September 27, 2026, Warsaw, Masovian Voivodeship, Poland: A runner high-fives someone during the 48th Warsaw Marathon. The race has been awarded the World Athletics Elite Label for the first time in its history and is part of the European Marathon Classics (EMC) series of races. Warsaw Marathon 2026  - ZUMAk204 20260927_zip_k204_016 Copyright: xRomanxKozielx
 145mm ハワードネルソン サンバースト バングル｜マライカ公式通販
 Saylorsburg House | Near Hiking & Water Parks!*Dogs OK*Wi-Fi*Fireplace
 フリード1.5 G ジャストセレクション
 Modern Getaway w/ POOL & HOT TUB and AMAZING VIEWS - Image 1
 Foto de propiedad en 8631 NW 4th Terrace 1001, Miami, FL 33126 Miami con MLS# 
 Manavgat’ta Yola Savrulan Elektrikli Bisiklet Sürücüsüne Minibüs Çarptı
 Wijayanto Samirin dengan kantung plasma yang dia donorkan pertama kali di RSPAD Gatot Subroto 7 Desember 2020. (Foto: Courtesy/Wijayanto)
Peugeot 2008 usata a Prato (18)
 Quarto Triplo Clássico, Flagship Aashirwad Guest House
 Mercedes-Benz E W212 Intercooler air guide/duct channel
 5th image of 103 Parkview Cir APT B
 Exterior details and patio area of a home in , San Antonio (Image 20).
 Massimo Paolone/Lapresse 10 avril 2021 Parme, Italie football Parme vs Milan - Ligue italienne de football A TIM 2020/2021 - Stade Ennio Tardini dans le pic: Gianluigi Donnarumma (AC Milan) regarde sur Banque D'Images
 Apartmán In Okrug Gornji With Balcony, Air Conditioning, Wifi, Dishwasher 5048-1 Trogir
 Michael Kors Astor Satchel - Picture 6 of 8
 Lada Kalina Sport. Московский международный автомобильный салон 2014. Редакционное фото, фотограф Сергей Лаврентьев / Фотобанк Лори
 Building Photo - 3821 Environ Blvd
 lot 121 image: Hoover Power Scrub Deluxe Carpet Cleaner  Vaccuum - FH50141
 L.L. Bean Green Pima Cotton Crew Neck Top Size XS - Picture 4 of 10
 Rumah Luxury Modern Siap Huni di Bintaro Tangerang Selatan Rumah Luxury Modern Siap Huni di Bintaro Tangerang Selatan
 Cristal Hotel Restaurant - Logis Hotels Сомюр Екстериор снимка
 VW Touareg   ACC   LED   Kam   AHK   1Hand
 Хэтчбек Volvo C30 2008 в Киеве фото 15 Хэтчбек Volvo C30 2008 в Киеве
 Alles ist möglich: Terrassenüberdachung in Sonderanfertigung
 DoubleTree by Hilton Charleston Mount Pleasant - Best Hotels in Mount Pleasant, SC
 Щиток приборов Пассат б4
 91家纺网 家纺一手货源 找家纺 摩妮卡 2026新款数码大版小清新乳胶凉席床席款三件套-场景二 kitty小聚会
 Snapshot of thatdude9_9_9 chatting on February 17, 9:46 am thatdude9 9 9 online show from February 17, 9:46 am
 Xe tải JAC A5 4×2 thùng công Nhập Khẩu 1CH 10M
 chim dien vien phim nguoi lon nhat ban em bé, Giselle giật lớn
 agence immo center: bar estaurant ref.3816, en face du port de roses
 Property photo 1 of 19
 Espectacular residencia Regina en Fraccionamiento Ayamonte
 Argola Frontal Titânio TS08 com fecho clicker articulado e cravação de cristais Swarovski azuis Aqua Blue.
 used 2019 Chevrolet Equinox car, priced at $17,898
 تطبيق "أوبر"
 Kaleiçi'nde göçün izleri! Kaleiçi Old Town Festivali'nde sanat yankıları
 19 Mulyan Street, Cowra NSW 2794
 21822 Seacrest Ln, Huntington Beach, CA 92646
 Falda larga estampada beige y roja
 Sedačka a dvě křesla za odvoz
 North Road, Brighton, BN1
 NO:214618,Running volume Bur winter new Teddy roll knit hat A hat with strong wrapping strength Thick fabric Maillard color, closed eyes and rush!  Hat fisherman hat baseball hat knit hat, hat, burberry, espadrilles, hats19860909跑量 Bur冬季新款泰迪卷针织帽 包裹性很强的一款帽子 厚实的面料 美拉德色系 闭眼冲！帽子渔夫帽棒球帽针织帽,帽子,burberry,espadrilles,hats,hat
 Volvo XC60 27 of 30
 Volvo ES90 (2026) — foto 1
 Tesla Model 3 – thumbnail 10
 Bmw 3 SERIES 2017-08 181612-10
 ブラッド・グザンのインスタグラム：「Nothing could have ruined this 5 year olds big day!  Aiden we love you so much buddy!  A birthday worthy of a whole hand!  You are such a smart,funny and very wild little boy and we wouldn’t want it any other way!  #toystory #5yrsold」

- _REQUIREMENT_
Give back the data exactly, with no line dropped.

- _ANSWER FOR THIS EXERCISE_
September 27, 2026, Warsaw, Masovian Voivodeship, Poland: A runner high-fives someone during the 48th Warsaw Marathon. The race has been awarded the World Athletics Elite Label for the first time in its history and is part of the European Marathon Classics (EMC) series of races. Warsaw Marathon 2026  - ZUMAk204 20260927_zip_k204_016 Copyright: xRomanxKozielx
 145mm ハワードネルソン サンバースト バングル｜マライカ公式通販
 Saylorsburg House | Near Hiking & Water Parks!*Dogs OK*Wi-Fi*Fireplace
 フリード1.5 G ジャストセレクション
 Modern Getaway w/ POOL & HOT TUB and AMAZING VIEWS - Image 1
 Foto de propiedad en 8631 NW 4th Terrace 1001, Miami, FL 33126 Miami con MLS# 
 Manavgat’ta Yola Savrulan Elektrikli Bisiklet Sürücüsüne Minibüs Çarptı
 Wijayanto Samirin dengan kantung plasma yang dia donorkan pertama kali di RSPAD Gatot Subroto 7 Desember 2020. (Foto: Courtesy/Wijayanto)
Peugeot 2008 usata a Prato (18)
 Quarto Triplo Clássico, Flagship Aashirwad Guest House
 Mercedes-Benz E W212 Intercooler air guide/duct channel
 5th image of 103 Parkview Cir APT B
 Exterior details and patio area of a home in , San Antonio (Image 20).
 Massimo Paolone/Lapresse 10 avril 2021 Parme, Italie football Parme vs Milan - Ligue italienne de football A TIM 2020/2021 - Stade Ennio Tardini dans le pic: Gianluigi Donnarumma (AC Milan) regarde sur Banque D'Images
 Apartmán In Okrug Gornji With Balcony, Air Conditioning, Wifi, Dishwasher 5048-1 Trogir
 Michael Kors Astor Satchel - Picture 6 of 8
 Lada Kalina Sport. Московский международный автомобильный салон 2014. Редакционное фото, фотограф Сергей Лаврентьев / Фотобанк Лори
 Building Photo - 3821 Environ Blvd
 lot 121 image: Hoover Power Scrub Deluxe Carpet Cleaner  Vaccuum - FH50141
 L.L. Bean Green Pima Cotton Crew Neck Top Size XS - Picture 4 of 10
 Rumah Luxury Modern Siap Huni di Bintaro Tangerang Selatan Rumah Luxury Modern Siap Huni di Bintaro Tangerang Selatan
 Cristal Hotel Restaurant - Logis Hotels Сомюр Екстериор снимка
 VW Touareg   ACC   LED   Kam   AHK   1Hand
 Хэтчбек Volvo C30 2008 в Киеве фото 15 Хэтчбек Volvo C30 2008 в Киеве
 Alles ist möglich: Terrassenüberdachung in Sonderanfertigung
 DoubleTree by Hilton Charleston Mount Pleasant - Best Hotels in Mount Pleasant, SC
 Щиток приборов Пассат б4
 91家纺网 家纺一手货源 找家纺 摩妮卡 2026新款数码大版小清新乳胶凉席床席款三件套-场景二 kitty小聚会
 Snapshot of thatdude9_9_9 chatting on February 17, 9:46 am thatdude9 9 9 online show from February 17, 9:46 am
 Xe tải JAC A5 4×2 thùng công Nhập Khẩu 1CH 10M
 chim dien vien phim nguoi lon nhat ban em bé, Giselle giật lớn
 agence immo center: bar estaurant ref.3816, en face du port de roses
 Property photo 1 of 19
 Espectacular residencia Regina en Fraccionamiento Ayamonte
 Argola Frontal Titânio TS08 com fecho clicker articulado e cravação de cristais Swarovski azuis Aqua Blue.
 used 2019 Chevrolet Equinox car, priced at $17,898
 تطبيق "أوبر"
 Kaleiçi'nde göçün izleri! Kaleiçi Old Town Festivali'nde sanat yankıları
 19 Mulyan Street, Cowra NSW 2794
 21822 Seacrest Ln, Huntington Beach, CA 92646
 Falda larga estampada beige y roja
 Sedačka a dvě křesla za odvoz
 North Road, Brighton, BN1
 NO:214618,Running volume Bur winter new Teddy roll knit hat A hat with strong wrapping strength Thick fabric Maillard color, closed eyes and rush!  Hat fisherman hat baseball hat knit hat, hat, burberry, espadrilles, hats19860909跑量 Bur冬季新款泰迪卷针织帽 包裹性很强的一款帽子 厚实的面料 美拉德色系 闭眼冲！帽子渔夫帽棒球帽针织帽,帽子,burberry,espadrilles,hats,hat
 Volvo XC60 27 of 30
 Volvo ES90 (2026) — foto 1
 Tesla Model 3 – thumbnail 10
 Bmw 3 SERIES 2017-08 181612-10
 ブラッド・グザンのインスタグラム：「Nothing could have ruined this 5 year olds big day!  Aiden we love you so much buddy!  A birthday worthy of a whole hand!  You are such a smart,funny and very wild little boy and we wouldn’t want it any other way!  #toystory #5yrsold」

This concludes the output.